Question de Mme BOYER Valérie (Bouches-du-Rhône - Les Républicains) publiée le 31/10/2024

Mme Valérie Boyer attire l'attention de M. le ministre de l'intérieur sur la multiplications des violences sexuelles contre nos aînées. Jeudi 24 octobre 2024, la presse nous apprend qu'un jeune homme est soupçonné d'avoir violé une retraitée de 84 ans, la veille, chez elle à Pont-de-Claix, près de Grenoble.
Au premier jour de l'année 2024, un individu est entré sans effraction par une fenêtre d'une maison d'Ozoir-la-Ferrière en Seine-et-Marne et a violé son habitante, une septuagénaire. Le mari de la victime, en situation de handicap, était présent mais incapable d'intervenir.

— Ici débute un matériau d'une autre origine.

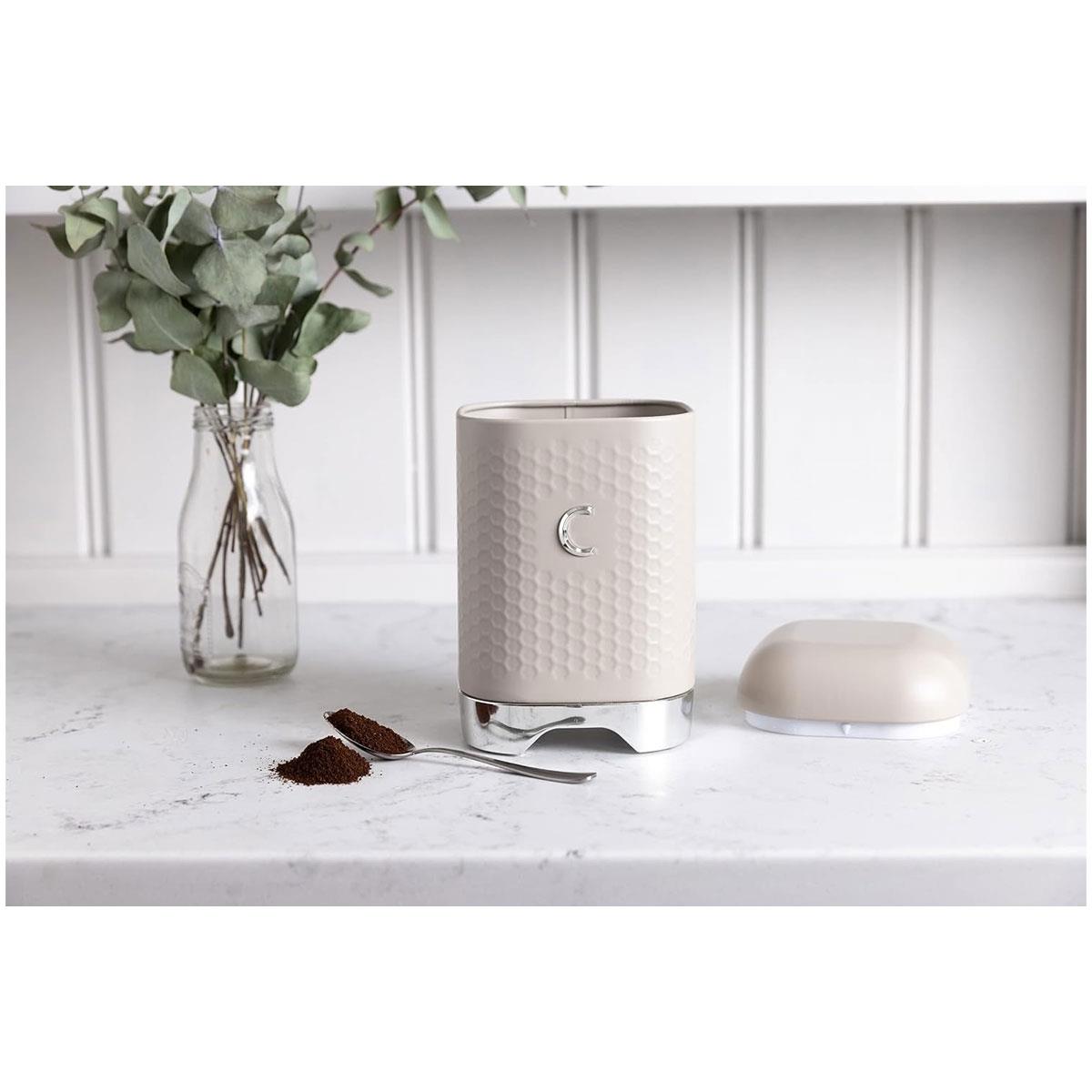 KitchenCraft Lovello Coffee Storage Canister with Lid Latte Cream Carbon Steel Airtight Container 19.5cm - Image 5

Le 3 mai 2023 une femme de 83 ans, handicapée physique et mentale, est victime de viol à son domicile de La Courneuve (93). Ses agresseurs seraient deux Algériens âgés de 29 et 38 ans, en situation irrégulière, dont l'un déjà sous obligation de quitter le territoire (OQTF).
Quimper, Clichy-la-Garenne, Toulouse, Alès, Lorient, au Creusot, Nanterre et tant d'autres communes... depuis plusieurs mois les violences sexuelles contre nos aînées semblent se multiplier dans notre pays.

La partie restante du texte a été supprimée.